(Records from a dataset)
..........

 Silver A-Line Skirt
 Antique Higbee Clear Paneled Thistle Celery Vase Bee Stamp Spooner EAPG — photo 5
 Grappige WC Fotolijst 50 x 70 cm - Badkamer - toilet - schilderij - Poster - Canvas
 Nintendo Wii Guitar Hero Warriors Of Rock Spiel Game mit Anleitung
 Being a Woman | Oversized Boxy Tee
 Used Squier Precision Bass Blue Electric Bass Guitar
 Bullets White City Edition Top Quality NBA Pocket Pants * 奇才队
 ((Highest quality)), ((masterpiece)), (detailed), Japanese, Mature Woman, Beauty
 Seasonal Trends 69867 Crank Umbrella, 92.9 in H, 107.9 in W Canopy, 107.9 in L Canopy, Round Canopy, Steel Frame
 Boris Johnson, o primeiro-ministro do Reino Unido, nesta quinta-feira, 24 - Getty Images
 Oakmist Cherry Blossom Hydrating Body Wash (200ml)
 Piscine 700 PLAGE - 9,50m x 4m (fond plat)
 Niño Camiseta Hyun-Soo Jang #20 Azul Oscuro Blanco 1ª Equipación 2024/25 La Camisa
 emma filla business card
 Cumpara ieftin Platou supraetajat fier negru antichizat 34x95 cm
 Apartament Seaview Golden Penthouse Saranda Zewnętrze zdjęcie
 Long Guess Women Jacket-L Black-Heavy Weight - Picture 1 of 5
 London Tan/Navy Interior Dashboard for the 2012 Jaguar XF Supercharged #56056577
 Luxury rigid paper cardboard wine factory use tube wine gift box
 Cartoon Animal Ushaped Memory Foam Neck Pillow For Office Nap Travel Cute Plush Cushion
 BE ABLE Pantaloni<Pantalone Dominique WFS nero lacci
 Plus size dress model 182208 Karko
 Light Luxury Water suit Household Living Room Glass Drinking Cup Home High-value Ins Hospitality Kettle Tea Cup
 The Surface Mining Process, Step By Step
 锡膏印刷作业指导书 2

..........

-- What this task involves --
All entries shown above should be printed again exactly.

-- Output for this exercise --
 Silver A-Line Skirt
 Antique Higbee Clear Paneled Thistle Celery Vase Bee Stamp Spooner EAPG — photo 5
 Grappige WC Fotolijst 50 x 70 cm - Badkamer - toilet - schilderij - Poster - Canvas
 Nintendo Wii Guitar Hero Warriors Of Rock Spiel Game mit Anleitung
 Being a Woman | Oversized Boxy Tee
 Used Squier Precision Bass Blue Electric Bass Guitar
 Bullets White City Edition Top Quality NBA Pocket Pants * 奇才队
 ((Highest quality)), ((masterpiece)), (detailed), Japanese, Mature Woman, Beauty
 Seasonal Trends 69867 Crank Umbrella, 92.9 in H, 107.9 in W Canopy, 107.9 in L Canopy, Round Canopy, Steel Frame
 Boris Johnson, o primeiro-ministro do Reino Unido, nesta quinta-feira, 24 - Getty Images
 Oakmist Cherry Blossom Hydrating Body Wash (200ml)
 Piscine 700 PLAGE - 9,50m x 4m (fond plat)
 Niño Camiseta Hyun-Soo Jang #20 Azul Oscuro Blanco 1ª Equipación 2024/25 La Camisa
 emma filla business card
 Cumpara ieftin Platou supraetajat fier negru antichizat 34x95 cm
 Apartament Seaview Golden Penthouse Saranda Zewnętrze zdjęcie
 Long Guess Women Jacket-L Black-Heavy Weight - Picture 1 of 5
 London Tan/Navy Interior Dashboard for the 2012 Jaguar XF Supercharged #56056577
 Luxury rigid paper cardboard wine factory use tube wine gift box
 Cartoon Animal Ushaped Memory Foam Neck Pillow For Office Nap Travel Cute Plush Cushion
 BE ABLE Pantaloni<Pantalone Dominique WFS nero lacci
 Plus size dress model 182208 Karko
 Light Luxury Water suit Household Living Room Glass Drinking Cup Home High-value Ins Hospitality Kettle Tea Cup
 The Surface Mining Process, Step By Step
 锡膏印刷作业指导书 2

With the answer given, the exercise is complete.